* **EXERCISE OBJECTIVE**
From the line containing "Zara, Women's Tapered" down to the final entry below, restate each line word for word.

(Brief descriptive captions)
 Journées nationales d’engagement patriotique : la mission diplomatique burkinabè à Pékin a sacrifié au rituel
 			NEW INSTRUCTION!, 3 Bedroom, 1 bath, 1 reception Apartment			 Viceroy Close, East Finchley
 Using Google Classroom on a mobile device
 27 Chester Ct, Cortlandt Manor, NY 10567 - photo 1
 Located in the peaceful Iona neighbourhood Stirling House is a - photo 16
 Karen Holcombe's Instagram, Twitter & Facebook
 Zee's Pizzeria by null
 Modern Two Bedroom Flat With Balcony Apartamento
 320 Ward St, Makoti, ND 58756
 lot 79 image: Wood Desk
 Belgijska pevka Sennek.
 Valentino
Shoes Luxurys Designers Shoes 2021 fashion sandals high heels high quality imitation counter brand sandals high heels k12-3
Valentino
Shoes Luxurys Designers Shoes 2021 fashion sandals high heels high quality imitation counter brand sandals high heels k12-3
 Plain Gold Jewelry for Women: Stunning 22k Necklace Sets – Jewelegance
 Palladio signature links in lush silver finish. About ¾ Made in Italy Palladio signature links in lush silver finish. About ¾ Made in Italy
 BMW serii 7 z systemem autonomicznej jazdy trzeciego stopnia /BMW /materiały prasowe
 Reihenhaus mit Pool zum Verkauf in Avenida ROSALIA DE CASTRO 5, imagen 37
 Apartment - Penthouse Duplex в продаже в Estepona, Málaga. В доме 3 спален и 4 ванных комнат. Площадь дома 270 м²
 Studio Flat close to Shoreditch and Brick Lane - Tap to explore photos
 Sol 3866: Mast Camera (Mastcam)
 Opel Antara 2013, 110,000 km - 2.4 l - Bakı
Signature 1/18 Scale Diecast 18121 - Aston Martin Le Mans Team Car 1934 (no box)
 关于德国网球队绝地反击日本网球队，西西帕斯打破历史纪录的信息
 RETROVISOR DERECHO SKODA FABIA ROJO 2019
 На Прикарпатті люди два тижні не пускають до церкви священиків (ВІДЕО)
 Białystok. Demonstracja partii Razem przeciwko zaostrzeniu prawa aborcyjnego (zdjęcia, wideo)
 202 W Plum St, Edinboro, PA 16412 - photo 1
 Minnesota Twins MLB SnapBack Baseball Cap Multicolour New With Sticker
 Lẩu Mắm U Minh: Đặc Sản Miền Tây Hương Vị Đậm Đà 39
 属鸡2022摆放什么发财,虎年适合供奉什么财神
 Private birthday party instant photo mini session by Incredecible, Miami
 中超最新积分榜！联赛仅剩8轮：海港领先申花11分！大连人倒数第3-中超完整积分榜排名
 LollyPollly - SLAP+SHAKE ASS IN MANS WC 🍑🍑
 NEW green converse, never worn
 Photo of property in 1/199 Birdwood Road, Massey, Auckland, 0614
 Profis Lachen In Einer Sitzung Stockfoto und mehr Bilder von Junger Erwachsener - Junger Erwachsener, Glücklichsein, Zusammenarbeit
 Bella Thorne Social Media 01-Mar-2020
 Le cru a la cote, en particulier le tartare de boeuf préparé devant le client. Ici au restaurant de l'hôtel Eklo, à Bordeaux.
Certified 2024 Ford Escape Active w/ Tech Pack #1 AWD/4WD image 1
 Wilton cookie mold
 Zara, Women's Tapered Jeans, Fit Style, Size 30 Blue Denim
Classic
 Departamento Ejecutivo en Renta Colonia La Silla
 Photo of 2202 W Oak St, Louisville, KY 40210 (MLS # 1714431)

* **TASK OUTPUT**
 Zara, Women's Tapered Jeans, Fit Style, Size 30 Blue Denim
Classic
 Departamento Ejecutivo en Renta Colonia La Silla
 Photo of 2202 W Oak St, Louisville, KY 40210 (MLS # 1714431)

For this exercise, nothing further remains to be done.